Dengan begitu agama yang kalau diartikan secara umum merupakan keyakinan seseorang yang berasal dari kitab suci(dalam pelajaran-pelajaran zaman baheula, agama dibedakan dengan kepercayaan, yang sumbernya tidak berasal dari kitab suci) merupakan jalan hidup, way of life seseorang. Didalamnya terdapat masalah-masalah profan, transenden, hingga yang skala mikro. Hua..ah alur berpikirnya kacau banget.

Agama mengantarkan seseorang pada keselamatan(p => q)
Seseorang tidak selamat (~q)
Kesimpulannya: tidak beragama(~p)
(ket: p => q ekivalen dengan ~q => ~p)

Nah, kalau sekarang kondisi yang kita hadapi kacau balau, kemungkinannya ada dua. Saya sebagai pengamat yang bermaksud objektif tapi ngga mungkin(saya kontra dengan pemisahan objektivitas dan afek versi Descartes), yang salah dalam memberikan penilaian(saya melihatnya sebagai kekacauan, padahal kondisi sebenarnya baik-baik saja) atau kondisi sekarang adalah kondisi tidak beragama(meski kadarnya mungkin bisa berbeda-beda bagi tiap orang)?
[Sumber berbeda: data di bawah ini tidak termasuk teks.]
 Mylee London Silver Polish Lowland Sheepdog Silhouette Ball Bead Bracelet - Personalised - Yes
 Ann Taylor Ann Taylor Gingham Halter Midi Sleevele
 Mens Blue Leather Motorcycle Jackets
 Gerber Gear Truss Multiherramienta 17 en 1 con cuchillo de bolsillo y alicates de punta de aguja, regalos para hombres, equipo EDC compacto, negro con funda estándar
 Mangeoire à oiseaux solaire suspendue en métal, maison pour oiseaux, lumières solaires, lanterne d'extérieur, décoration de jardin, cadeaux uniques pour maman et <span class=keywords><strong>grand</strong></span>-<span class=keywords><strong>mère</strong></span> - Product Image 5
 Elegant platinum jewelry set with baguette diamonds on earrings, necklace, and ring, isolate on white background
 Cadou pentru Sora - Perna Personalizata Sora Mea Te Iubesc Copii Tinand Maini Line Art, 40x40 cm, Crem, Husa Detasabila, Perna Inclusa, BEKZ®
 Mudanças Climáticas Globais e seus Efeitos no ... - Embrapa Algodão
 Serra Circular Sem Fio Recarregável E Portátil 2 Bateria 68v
Saya cenderung pada pilihan kedua. Tapi lagi-lagi pilihan saya ini dipengaruhi asumsi awal bahwa kondisi yang saya lihat adalah benar. Sama ketika teman saya marah-marah pada diskusi dengan sebuah golongan. “Masa Yut, mereka bilang kaya gini: Semua manusia pasti pernah berbuat salah, Nabi adalah seorang manusia, kesimpulannya: Nabi pasti pernah berbuat salah.” Terlepas dari perdebatan yang panjang lebar mengenai kema’suman seorang Nabi, premis diatas juga tak lepas dari asumsi dasar: semua manusia pasti pernah berbuat salah. Padahal pernyataan itu harus dibuktikan terlebih dahulu dengan cara mengambil manusia sebarang, kemudian menggunakan metode induksi. Tentu saja hal itu sangat rumit. Sebaliknya untuk membuktikan pernyataan tersebut salah cukup mengambil satu contoh penyangkal. Membuktikan suatu pernyataan benar jauh lebih sulit dibandingkan membuktikannya salah. (Udah, ah, keterangan lebih lanjut mending ikut kuliah anril aja).
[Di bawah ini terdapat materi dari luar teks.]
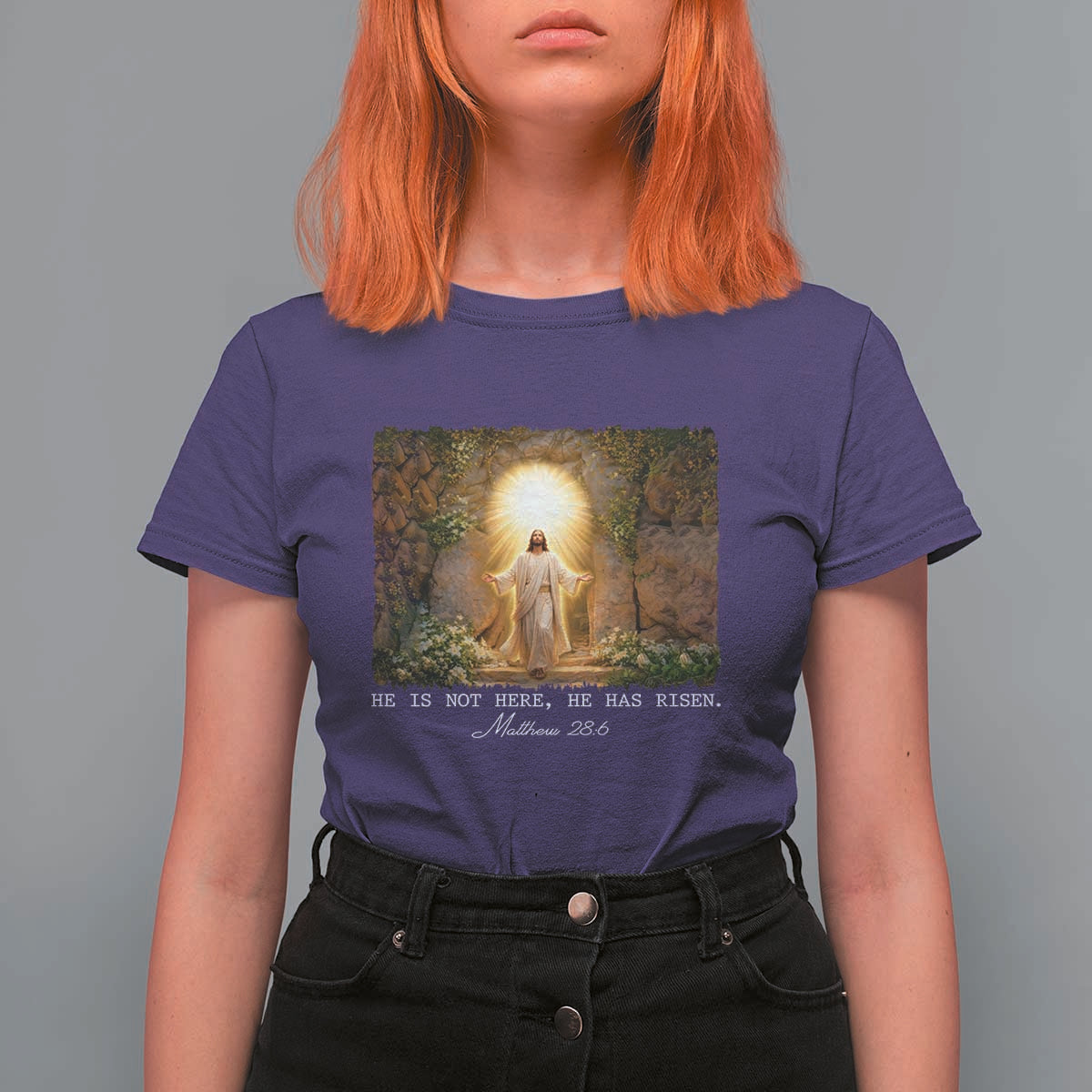 He Is Not Here He Has Risen T Shirt For Women Easter Christian Jesus
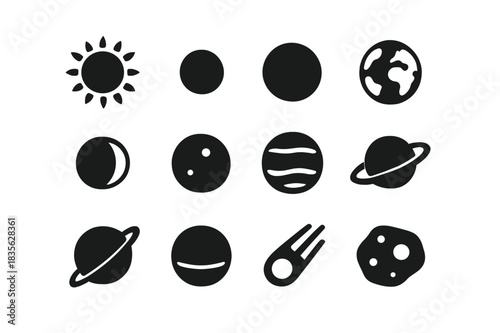 Planetary Icons Grid. Planetary system. Solid icon set of planetary system: sun, mercury, venus, earth, moon, mars, jupiter, saturn, uranus, neptune, comet,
Intinya, manusia itu sebenarnya subjektif(huehehe... jadi ngikutin Wittgenstein dan Kiekergard deh), jadi untuk bertahan di dunia yang fana ini kita harus menemukan eksistensi dalam diri masing-masing. Seperti peran analisis dalam psikoanalisis dan master dalam Zen, manusia harus berhasil mendamaikan alam bawah sadarnya dengan sadar, atau dalam bahasa Zen menembus batasan ‘aku’ dalam dirinya, jalan dari perbudakan menuju pembebasan diri. Kalau psikoanalisis melakukannya dengan sosok analisis, maka Zen menggunakan metode meditasi, koan dll. Saya lebih cenderung pada cara Zen, yang sejalan dengan apa yang saya yakini. Agama yang dalam hal ini didefinisikan bersumber pada sebuah kitab, merupakan petunjuk jalan bagi manusia untuk menemukan eksistensi dirinya sebagai seorang abd’ dan menuju Yang Esa.